When the family or business can benefit from specific services, we help clients make connections with other professional advisors. We work with the client’s existing professional advisors (even their attorneys) to ensure that their work is aligned with the transition plan.
Representative Clients
Fredrikson & Byron’s family business attorneys work with many different types of private companies, using a practical and effective approach. We never lose sight that we are helping clients with their livelihood, so we take our work seriously and work hard to use the law to meet the complex challenges of today’s family businesses.
Here is a sampling of the types of clients we have helped:
- Founders and entrepreneurs who have worked all their lives in their businesses and who now want to change their role but still be involved in their business
- Younger generations who want to learn how they can own and operate the family business when the founder or entrepreneur is not involved
- Family businesses owned by next generation family members, some of whom work at the company and some of whom don’t
- Family businesses where the owners and managers are different people, ranging from none of the family owners working at the company to owners working at the company but not in management
- Non-family managers whose careers are tied to the continuation of the family business
- Companies owned by first and second generations to companies owned by third, fourth, and fifth generations (all at the same time)

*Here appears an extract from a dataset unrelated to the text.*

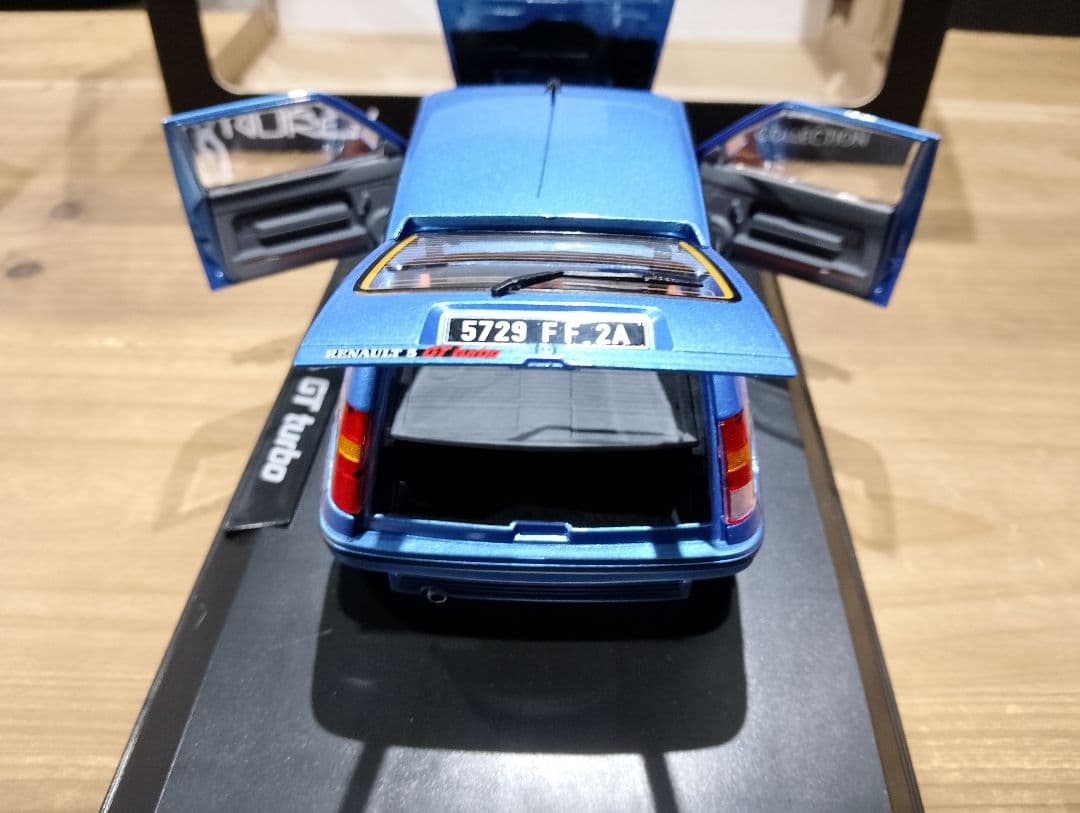 よっしー1/18 ノレブ　ルノー5 ターボ　ルノーサンク　ミニカー　ブルー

- Companies with one owner (the founder) who wants to pass his or her business to her children, to businesses owned by ninety owners (fourth and fifth generations) who want their business to continue into the sixth generation
- Businesses that are in their first stages of growth, with revenues in the $10M to $20M range, to mature businesses with revenues exceeding $100M
- Manufacturers, suppliers, distributors, natural resources operations, construction companies and hi-tech, international, and personal service firms
- Families that have never owned anything together before and who never thought they could or don’t know if they can
- Families with difficulties (we all can relate to that) and businesses with challenges
We have many success stories. And many of these clients are willing to help others who could use support and help in the transition of their companies. We often ask clients who have done extensive transition work to act as a resource to clients who are early in the process of addressing these issues.
Industry Involvement
We are actively involved in the family business community and networks of professionals who support family business growth, including:
- Family Firm Institute (FFI), the international trade organization for family business professionals
- Attorneys for Family-Held Enterprises (AFHE), the only national organization for attorneys that is dedicated to family businesses
- American Council of Estate and Trust Counsel (ACTEC)
- The South Dakota Family Business Association
- The Family Business Alliance, a multi-disciplinary group of professionals that provides comprehensive, customized consulting services to families in business together
- The Board School, the country’s first school for owners, directors, and managers of family businesses
- The Balance Point: New ways business owners can use boards, 2008, Famille Press: A must-read book for entrepreneurs wishing to transition their roles within family businesses while remaining involved and for family businesses owned by multiple owners
Practical Takeaway
Family businesses are unique. Their continued success depends on how well the family owners can navigate the various transition challenges within the family and business brought about by changing circumstances. These challenges are best addressed with the help of an outside resource that has helped many similar businesses effectively address these challenges.